Quel est votre avis sur l’arbitre allemand qui a récemment tenté de se suicider avant une rencontre?
Il n’a pas été désigné FIFA au 1er janvier 2012 et a été élu, dans la presse allemande, plus mauvais arbitre d‘Allemagne. On met tellement d’énergie toute la semaine pour se réjouir du week-end, et puis après on se fait tailler dans la presse, on est discrédités dans notre pays... Ça fait mal, mais de là à faire ça, quand même.
Vous avez arbitré 128 rencontres en distribuant 488 cartons jaunes et 44 rouges. Que vous inspirent ces chiffres?
Cela fait environ quatre jaunes par match et un rouge chaque trois rencontres... Ça me paraît bien (rires).
Quel match a été le plus difficile à arbitrer?
Pour moi, cela a été Bellinzone - Saint-Gall en mai dernier (ndlr: l’homme n’avait pas accordé un penalty indiscutable aux Tessinois dans un match capital pour le maintien). C’était une grave erreur de ma part, je me suis fait détruire ma voiture, mes habits ont été déchirés, mon alliance a disparu. C’était un cauchemar, je regrette cette décision.

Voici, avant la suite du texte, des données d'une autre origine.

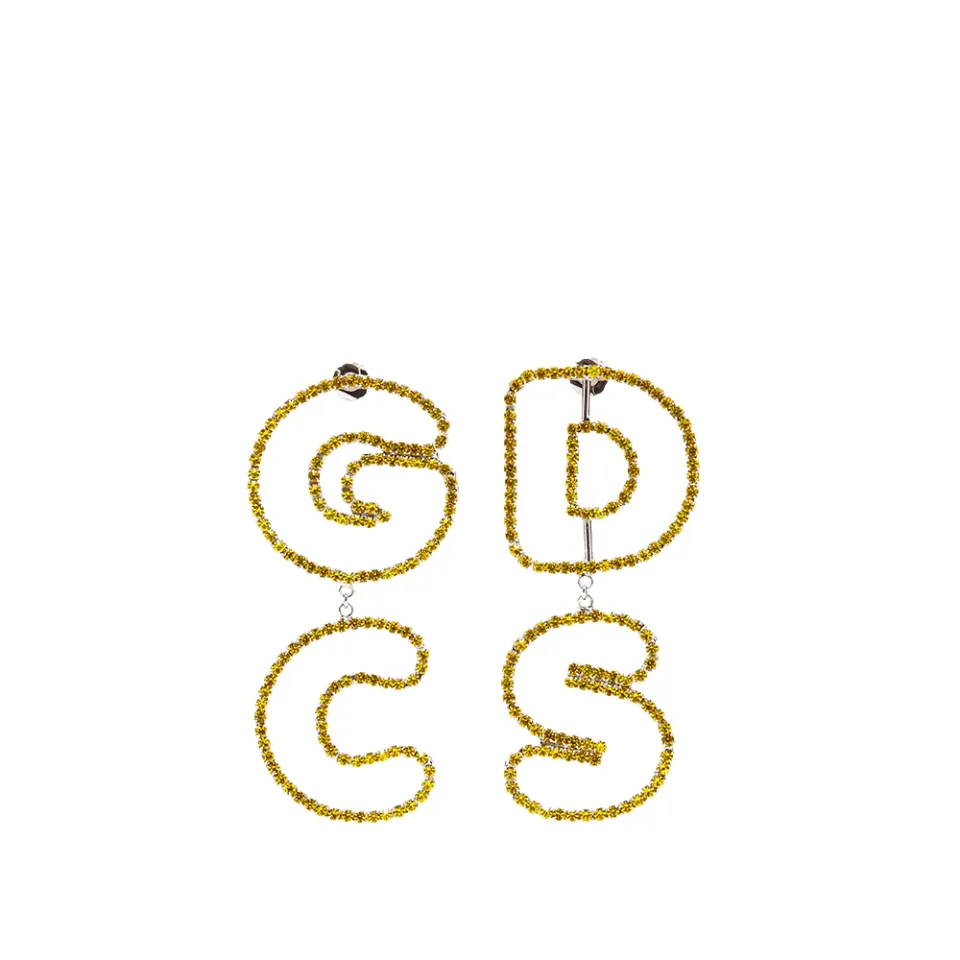 Andy Logo Earrings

Si seulement j’avais pu revenir en arrière...
D’autres agressions?
J’avais reçu un briquet du kop bernois durant le match YB-Xamax alors qu’il ne se passait rien: pas de penalties, pas de but litigieux...
Quel est le pire joueur à arbitrer?
Celui qui simule très bien, comme Virgile Reset de Sion à l’époque. Il m’avais bien eu et je lui avais accordé un penalty inexistant.
Votre plus beau souvenir?
J’en ai plein! Un tournoi à Dallas où j’ai pris ma famille, l’ambiance lors de la finale de la Coupe de Suisse entre Sion et Xamax, la «finalissima» entre YB et Bâle.
L’arbitrage vidéo, une nécessité?
Toutes les technologies existent pour savoir si le ballon a franchi la ligne ou non. Je ne comprends pas qu’au moins ça ne se fasse pas.
Pour les fautes ou hors-jeux, il faut voir comment mettre en place le système.
Aux joueurs, vous leur dites «vous» ou «tu»?
On se tutoie et on s’appelle par nos prénoms. Cela se fait car on s’apprécie, je trouve ça sympathique comme rapport.
Quel est le salaire d’un arbitre?
Un match de Super League (SL), c’est 1000 francs, un match de Challenge League (CL), 500 francs. J’arbitre environ deux rencontres de SL et une de CL par mois.
Le meilleur arbitre au monde, selon vous?
J’aime bien De Bleeckere (BEL).
Si vous aviez dû sortir un carton rouge à chaque insulte lors de votre carrière, combien en auriez-vous distribué?
(rires) Autant que de jaunes (ndrl: 488).
Quelque chose à ajouter?
Je remercie le club de Genolier-Begnins et son président Rosario ainsi que ses prédécesseurs pour leur soutien inconditionnel.